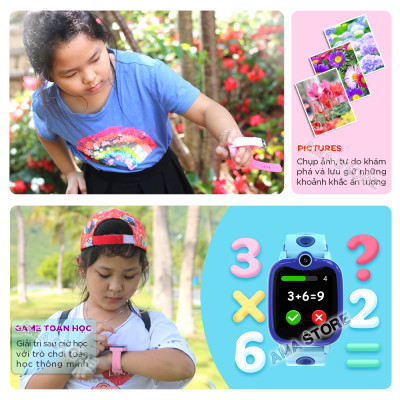 Đồng hồ Thông minh SOS Gọi điện thoại Định vị GPS Chống nước IP67 AMA Watch D06S cho Trẻ con 4 tuổi 5 tuổi 6 tuổi 7 tuổi 8 tuổi 9 tuổi 10 tuổi 11 tuổi Hàng nhập khẩu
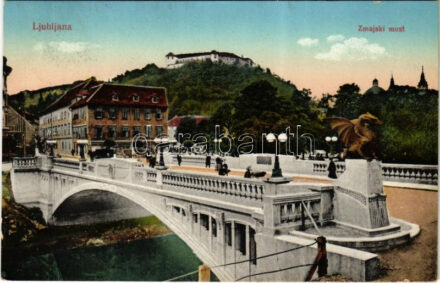 1926 Ljubljana, Laibach; Zmajski most / bridge, castle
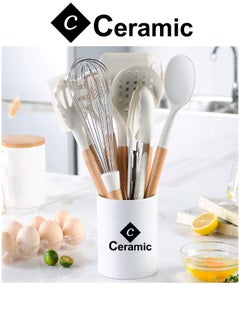CERAMIC Kitchen Cooking Utensils Set 14 Non-Stick Silicone Cooking Spatula Set with Holder Wooden Handle Silicone  Gadgets Utensil Set for Nonstick Cookware White  - Image 2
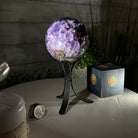 Druzy Amethyst Sphere on a Metal Stand,1.9 lbs & 7.2" Tall #5630-0043 - Brazil GemsBrazil GemsDruzy Amethyst Sphere on a Metal Stand,1.9 lbs & 7.2" Tall #5630-0043Spheres5630-0043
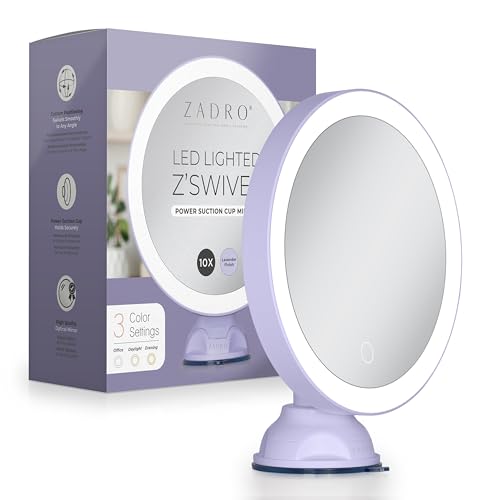 Zadro Wall-Mounted Suction Cup Mirror With 10X Magnification And LED Lighting - color: Lavender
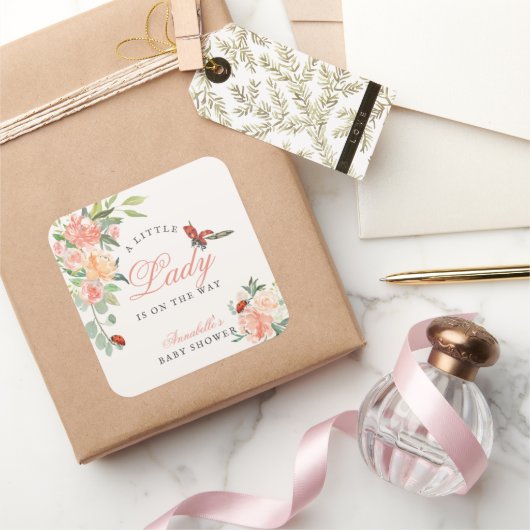 Little Lady Ladybug Roses Girl Baby Shower スクエアシール (ギフト)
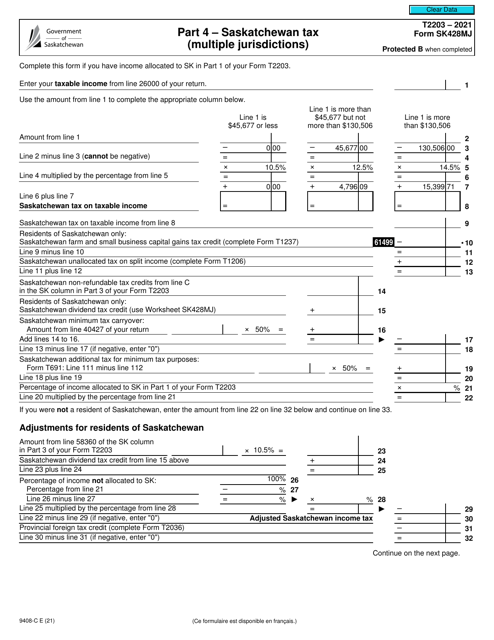 Form T2203 (SK428MJ; 9408-C) Part 4 2021 Printable Pdf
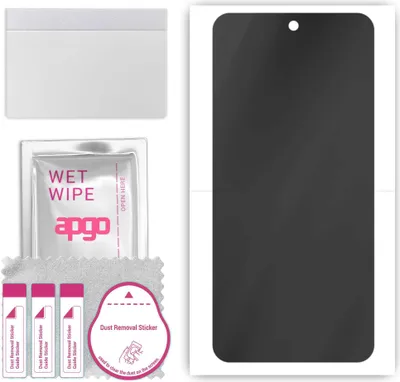 A flat lay of a screen protector kit for a smartphone, including the screen protector itself, a wet wipe, dust removal stickers, and a cleaning cloth.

How to complete this task:
Retype exactly, and only, the lines from the one containing "#5630-0043 - Brazil" through the end of the material, leaving aside every picture.

Result of the task:
 Druzy Amethyst Sphere on a Metal Stand,1.9 lbs & 7.2" Tall #5630-0043 - Brazil GemsBrazil GemsDruzy Amethyst Sphere on a Metal Stand,1.9 lbs & 7.2" Tall #5630-0043Spheres5630-0043
 Zadro Wall-Mounted Suction Cup Mirror With 10X Magnification And LED Lighting - color: Lavender
 Little Lady Ladybug Roses Girl Baby Shower スクエアシール (ギフト)
 Form T2203 (SK428MJ; 9408-C) Part 4 2021 Printable Pdf
 A flat lay of a screen protector kit for a smartphone, including the screen protector itself, a wet wipe, dust removal stickers, and a cleaning cloth.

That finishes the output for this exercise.